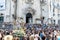 Thousands of people applaud the statue of Nossa Senhora da Conceicao da Praia leaving the church to honor her day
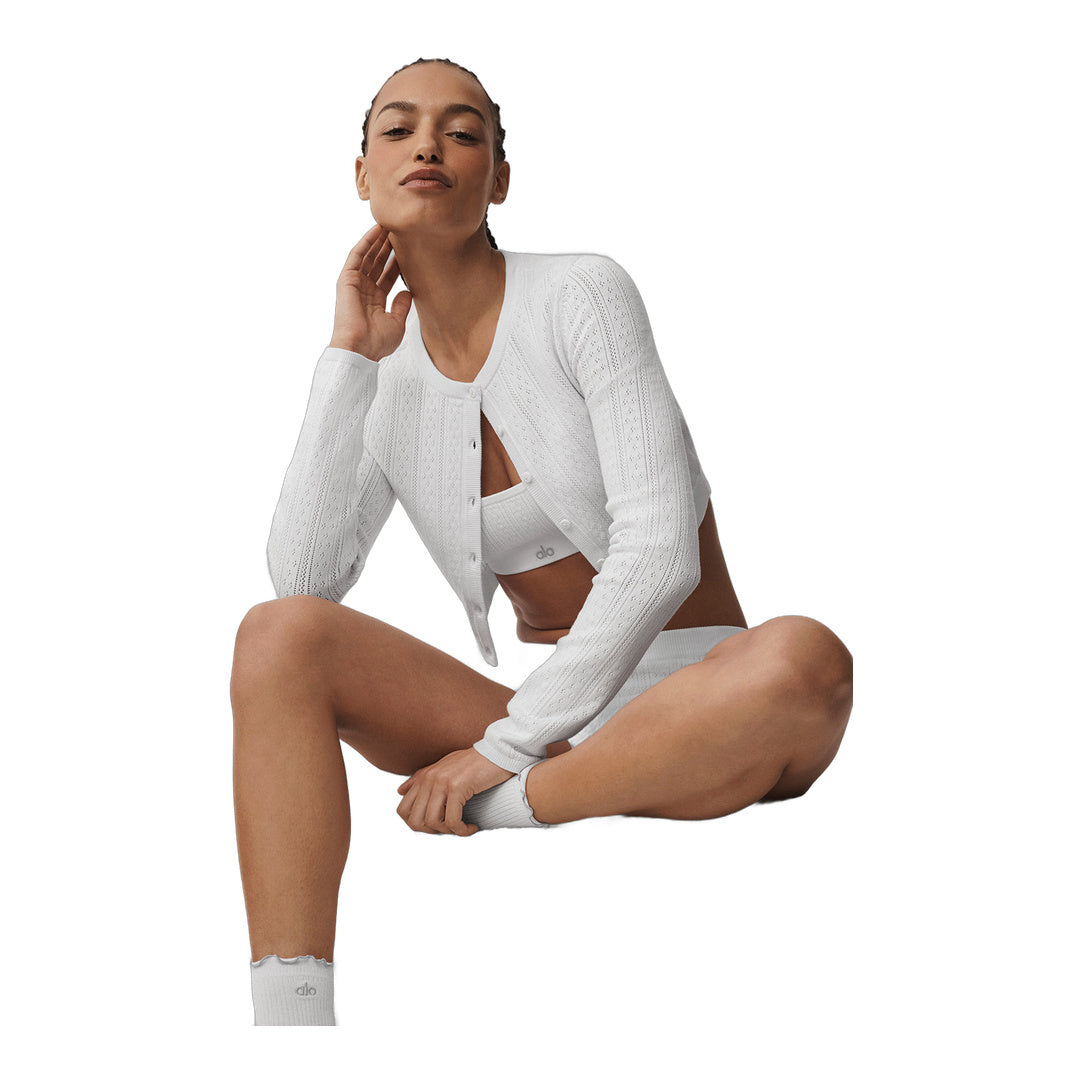 alo Pointelle Sweater Be Mine Cardigan - Semi Sheer White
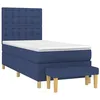 Image de vidaXL Sommier à lattes de lit avec matelas Bleu 90x190 cm Tissu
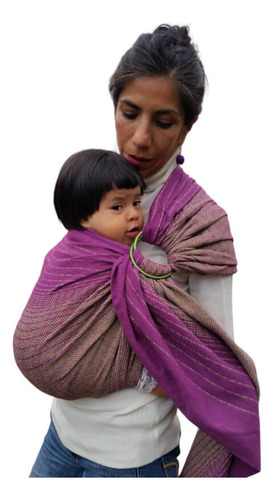 Rebozo De Aros Bandolera Portabebebés 100% Algodón Binniza Color Violeta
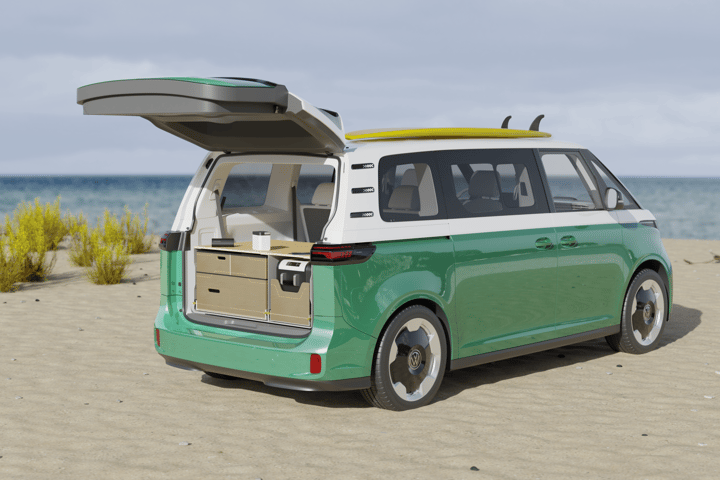 For those who prefer a ground tent (or not camping at all), Peace Vans' lightest ID. Buzz kit, the Buzz Box, brings the outdoor tailgate cooking without the rest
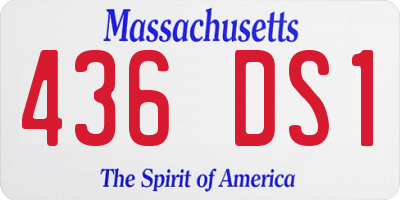 MA license plate 436DS1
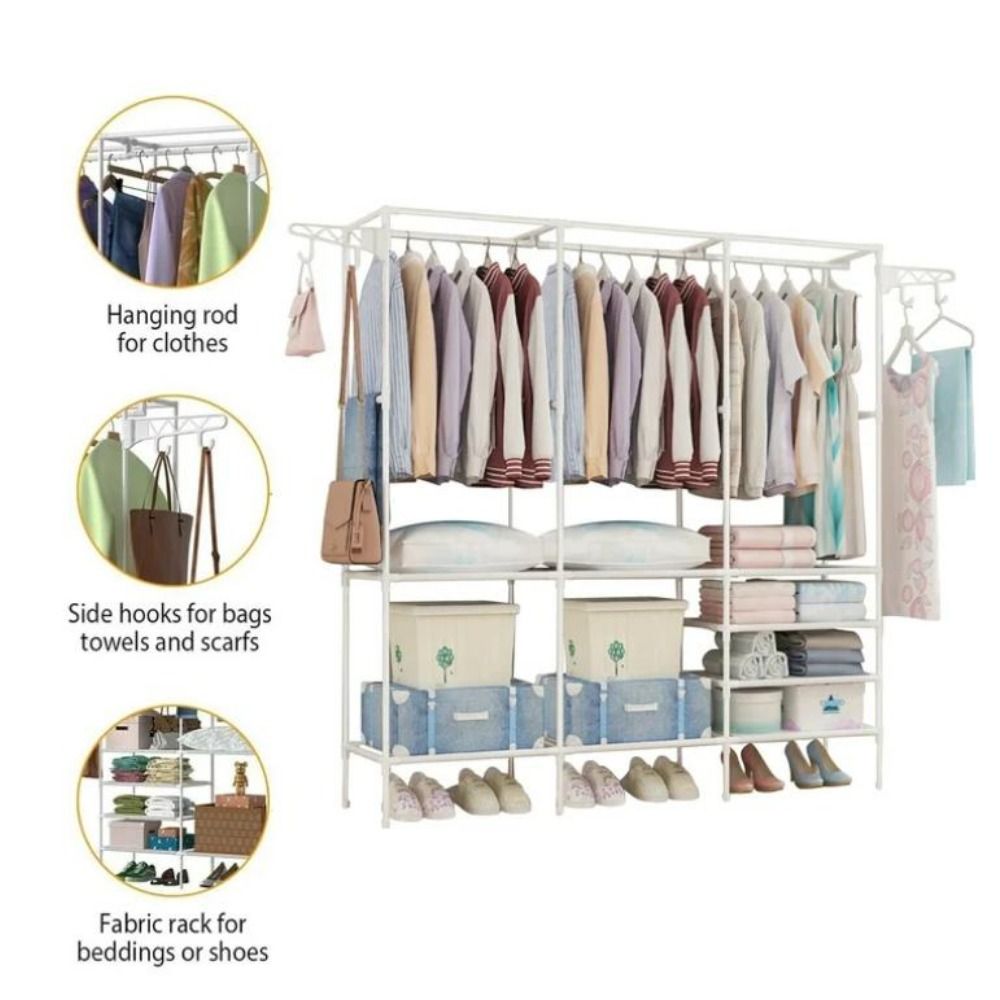 Home, Storage Rack Clothes Rack Heavy Duty Clothes Rack for Hanging Clothes, Rack, Wooden Stereo Rack Self-Standing Wardrobe Wardrobe Rack, Corner L-shaped Wardrobe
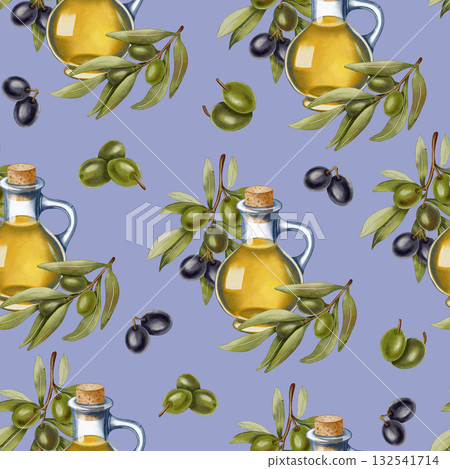 Hand-drawn watercolor seamless pattern with olive oil bottles, green and black olives, and branches. Food illustration. Ideal for kitchen, food, and packaging design. Hand-drawn watercolor seamless pattern with olive oil bottles, green and black olives, and branches. Food illustration. Ideal for kitchen, food, and packaging design. 132541714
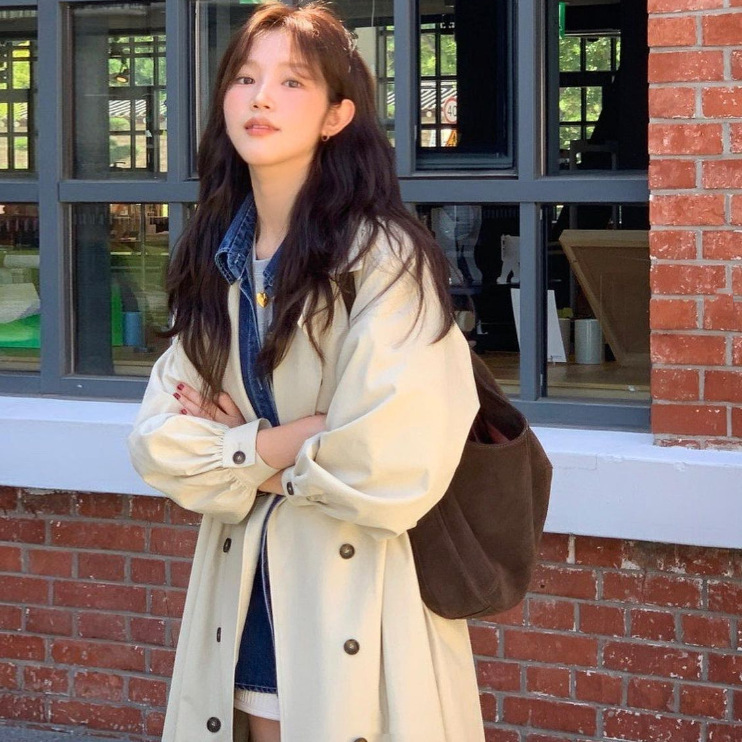 韩版复古慵懒风翻领双排扣系带收腰长袖过膝长款风衣外套女88455|undefined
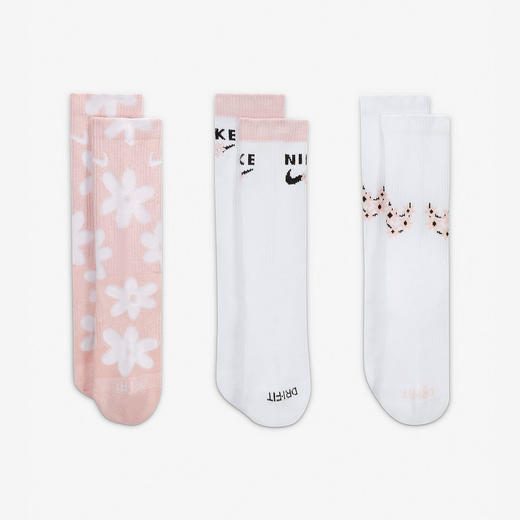 耐克-鞋袜类（夏）F2大童3双装袜子大气浅粉-白 商品图0
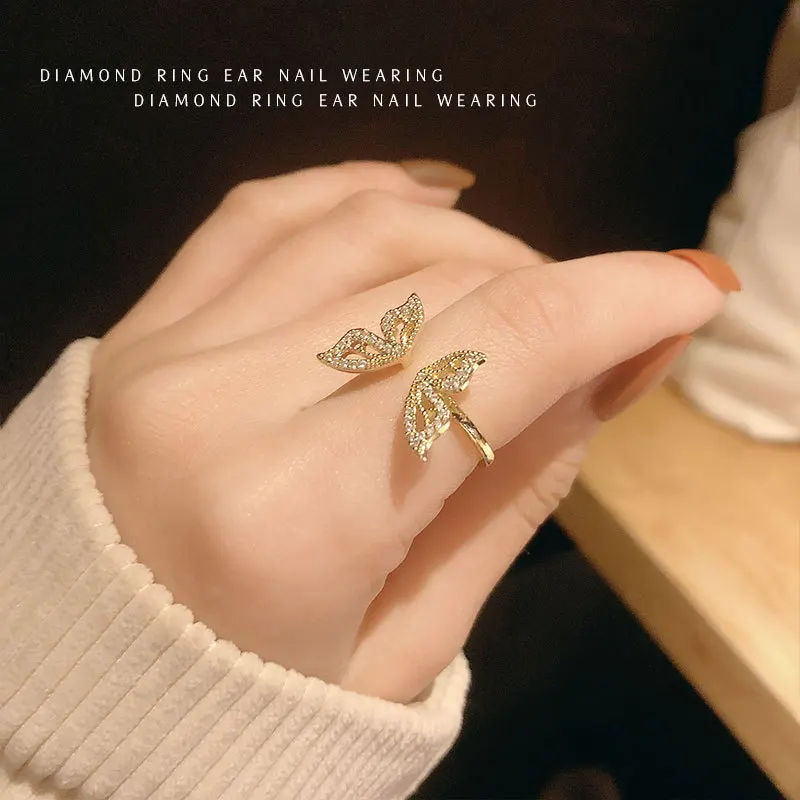 Gentle Gold-plated Sparkling Zirconium Diamond Butterfly Ring open ring Can Be Washed light luxury Design Sense of Personality
Gentle Gold-plated Sparkling Zirconium Diamond Butterfly Ring open ring Can Be Washed light luxury Design Sense of Personality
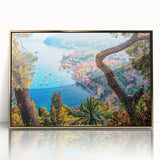 Art deco poster of Provence scenery in muted gold and green tones, acrylic framed, ideal for modern art wall decor.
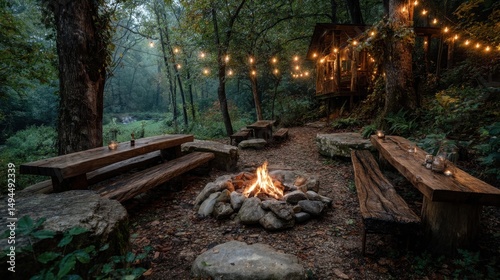 Cozy forest campsite with fire pit and wooden benches in tranquil woodland setting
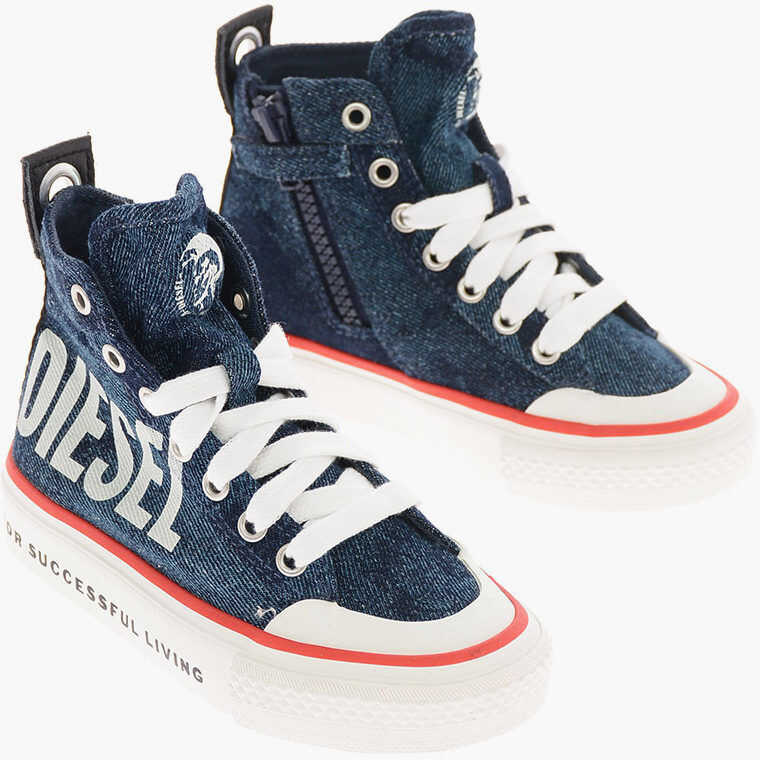 Diesel Kids Fabric Astico Sn Mid 07 Mc Ch Sneaker Blue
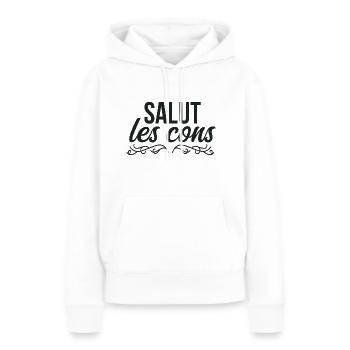 Salut les cons - Allergique aux cons - Sweat à capuche Premium bio Femme - blanc - Devant - Julia (174cm)
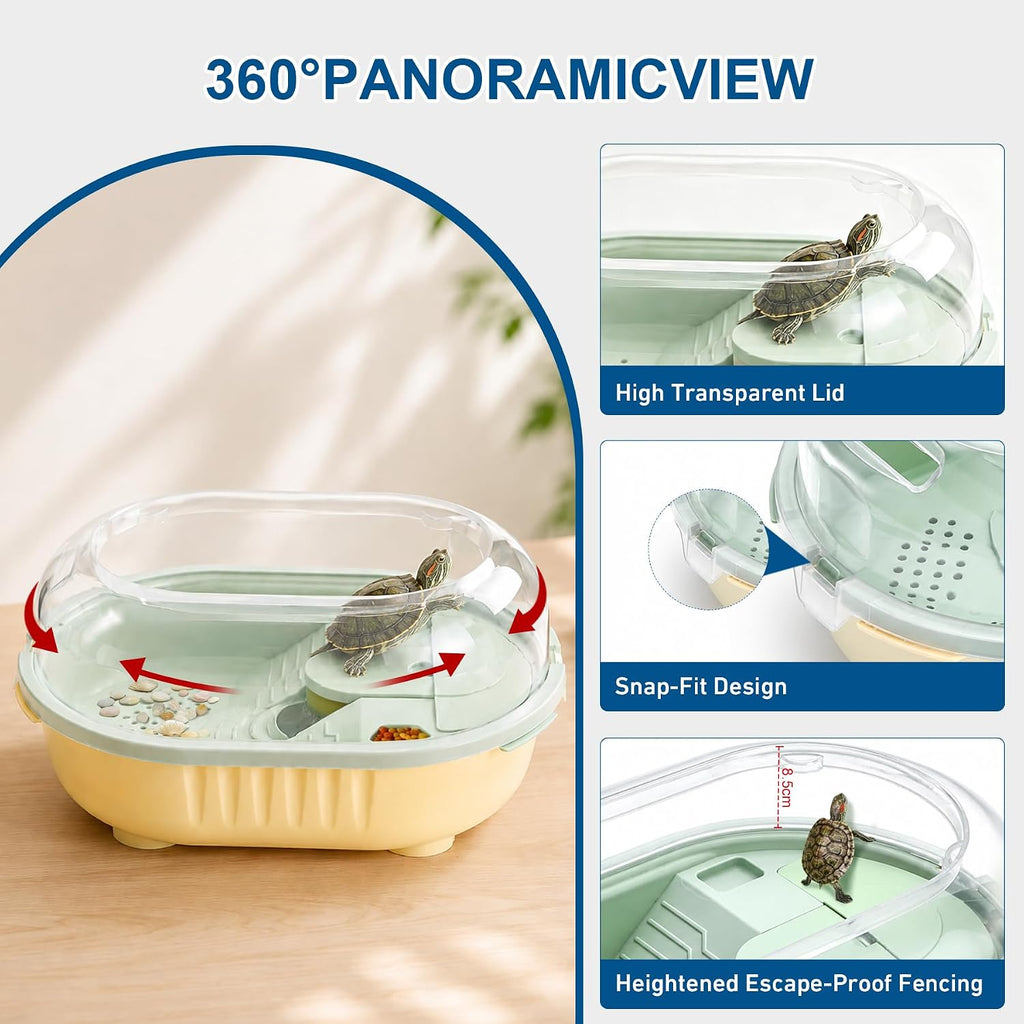 turtle tank kit, all in one turtle aquarium, close-up detail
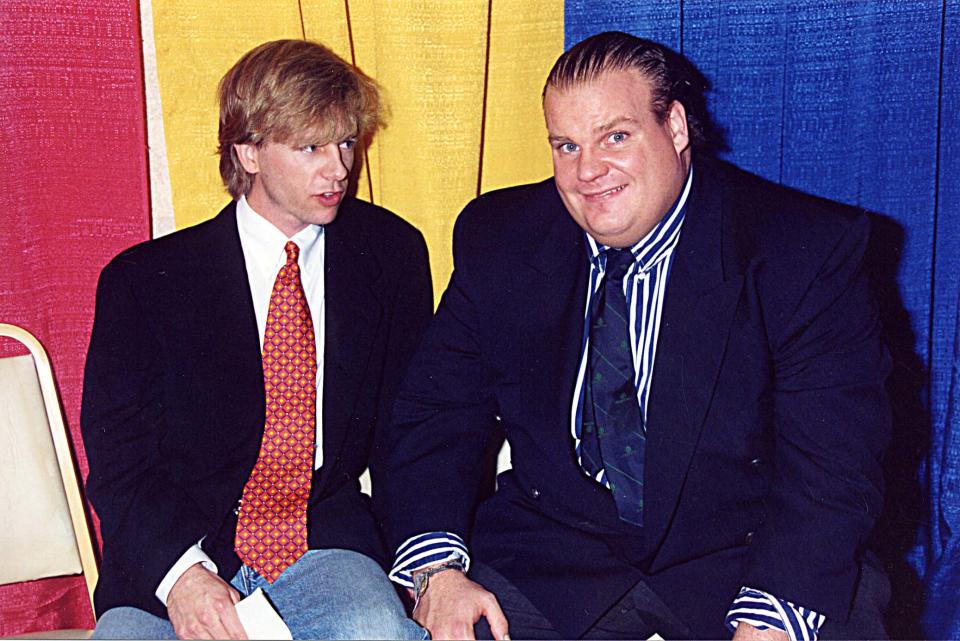 David Spade and Chris Farley during 1995 ShoWest in Las Vegas, Nevada, United States. (Photo by Jeff Kravitz/FilmMagic, Inc)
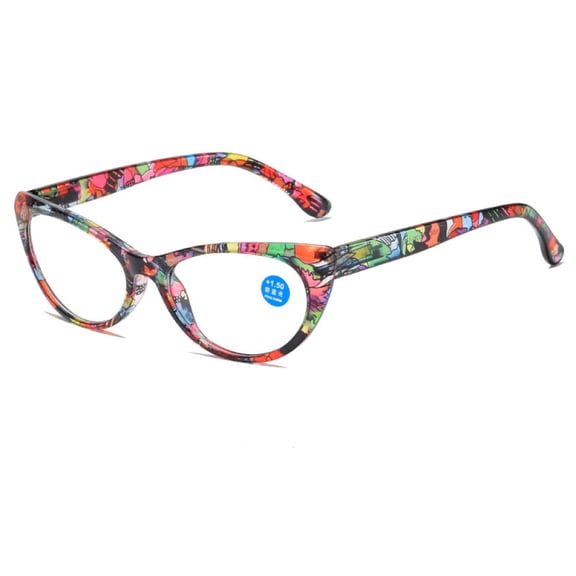 Cat Eye Red Floral Print Reading Glasses Blue Light Blocking Ladies Readers Spring Hinge Presbyopia Glasses +3.00 for Women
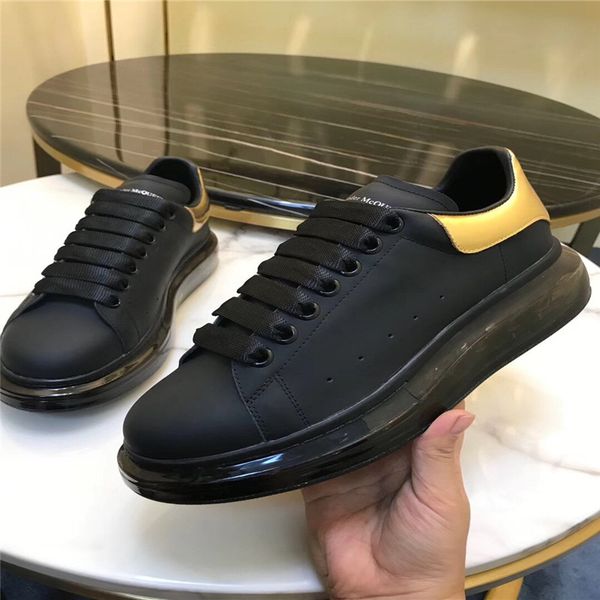 

2020 new women's shoes air cushion reflective leather small white shoes couple models men's shoes increased casual thick sole shoe, Black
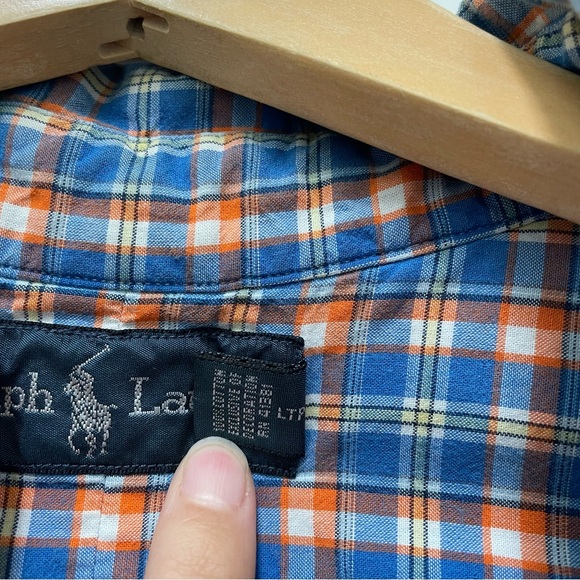 TWO Ralph Lauren XL long sleeve cotton button down dress shirts chambray check - Picture 7 of 13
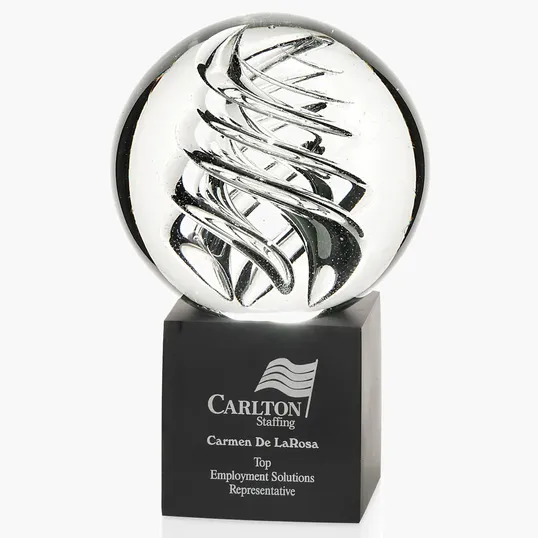 JAFFA® Frosted Swirl Art Glass Award, Large — view 3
★ ★ ★
*Task item*. With the pictures omitted, copy the entries above exactly from the line containing "For those who" through the line containing "turtle tank kit, all", both lines included.

*Task output*.
 For those who prefer a ground tent (or not camping at all), Peace Vans' lightest ID. Buzz kit, the Buzz Box, brings the outdoor tailgate cooking without the rest
 MA license plate 436DS1
 Home, Storage Rack Clothes Rack Heavy Duty Clothes Rack for Hanging Clothes, Rack, Wooden Stereo Rack Self-Standing Wardrobe Wardrobe Rack, Corner L-shaped Wardrobe
 Hand-drawn watercolor seamless pattern with olive oil bottles, green and black olives, and branches. Food illustration. Ideal for kitchen, food, and packaging design. Hand-drawn watercolor seamless pattern with olive oil bottles, green and black olives, and branches. Food illustration. Ideal for kitchen, food, and packaging design. 132541714
 韩版复古慵懒风翻领双排扣系带收腰长袖过膝长款风衣外套女88455|undefined
 耐克-鞋袜类（夏）F2大童3双装袜子大气浅粉-白 商品图0
 Gentle Gold-plated Sparkling Zirconium Diamond Butterfly Ring open ring Can Be Washed light luxury Design Sense of Personality
Gentle Gold-plated Sparkling Zirconium Diamond Butterfly Ring open ring Can Be Washed light luxury Design Sense of Personality
 Art deco poster of Provence scenery in muted gold and green tones, acrylic framed, ideal for modern art wall decor.
 Cozy forest campsite with fire pit and wooden benches in tranquil woodland setting
 Diesel Kids Fabric Astico Sn Mid 07 Mc Ch Sneaker Blue
 Salut les cons - Allergique aux cons - Sweat à capuche Premium bio Femme - blanc - Devant - Julia (174cm)
 turtle tank kit, all in one turtle aquarium, close-up detail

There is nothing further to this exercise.